Dufay U.S. Pat. No. 1,003,720 teaches forming an additive multicolor filter by alternately printing two-thirds of a filter element with a greasy material to leave uncovered an array of areas. An additive primary dye is imbibed into the filter element in the uncovered areas. By repeating the sequence three times the entire filter area is covered by an interlaid pattern of additive primary filter areas. Rogers U.S. Pat. No. 2,681,857 illustrates an improvement on the Dufay process of forming an additive primary multicolor filter by printing. Rheinberg U.S. Pat. No. 1,191,034 obtains essentially a similar effect by using subtractive primary dyes (yellow, magenta and cyan) which are allowed to laterally diffuse so that two subtractive primaries are fused in each area to produce an additive primary dye filter array.
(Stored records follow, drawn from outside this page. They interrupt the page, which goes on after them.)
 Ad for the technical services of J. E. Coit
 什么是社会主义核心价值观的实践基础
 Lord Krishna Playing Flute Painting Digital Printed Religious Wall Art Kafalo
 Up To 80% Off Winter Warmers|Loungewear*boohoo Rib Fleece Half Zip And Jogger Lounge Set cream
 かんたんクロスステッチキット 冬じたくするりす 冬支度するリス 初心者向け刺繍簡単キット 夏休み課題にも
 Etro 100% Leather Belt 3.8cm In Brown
More recently, in connection with semiconductor sensors, additive primary multicolor filter layers have been developed which are capable of defining an interlaid pattern of areas of less than 100 microns on an edge and areas of less than 10-4 cm2. One approach is to form the filter layer so that it contains a dye mordant. In this way when an interlaid pattern of additive primary dyes is introduced to complete the filter, mordanting of the dyes reduces lateral dye spreading. Filter layers comprised of mordanted dyes and processes for their preparation are disclosed by Horak et al U.S. Ser. No. 867,841, filed Jan. 9, 1978, and Research Disclosure, Vol. 157, May 1977, Item 15705, here incorporated by reference. Examples of mordants and mordant layers useful in preparing such filters are described in the following: Sprague et al U.S. Pat. No. 2,548,564; Weyerts U.S. Pat. No. 2,548,575; Carroll et al U.S. Pat. No. 2,675,316; Yutzy et al U.S. Pat. No. 2,713,305; Saunders et al U.S. Pat. No. 2,756,149; Reynolds et al U.S. Pat. No. 2,768,078; Gray et al U.S. Pat. No. 2,839,401; Minsk U.S. Pat. Nos. 2,882,156 and 2,945,006; Whitmore et al U.S. Pat. No. 2,940,849; Condax U.S. Pat. No. 2,952,566; Mader et al U.S. Pat. No. 3,016,306; Minsk et al U.S. Pat. Nos. 3,048,487 and 3,184,309; Bush U.S. Pat. No. 3,271,147; Whitmore U.S. Pat. No. 3,271,148; Jones et al U.S. Pat. No. 3,282,699; Wolf et al U.S. Pat. No. 3,408,193; Cohen et al U.S. Pat. Nos. 3,488,706, 3,557,066, 3,625,694, 3,709,690, 3,758,445, 3,788,855, 3,898,088 and 3,944,424; Cohen U.S. Pat. No. 3,639,357; Taylor U.S. Pat. No. 3,770,439; Campbell et al U.S. Pat. No. 3,958,995; and Ponticello et al Research Disclosure, Vol. 120, April 1974, Item 12045. Preferred mordants for forming filter layers are more specifically disclosed by Research Disclosure, Vol. 167, March 1978, Item 16725.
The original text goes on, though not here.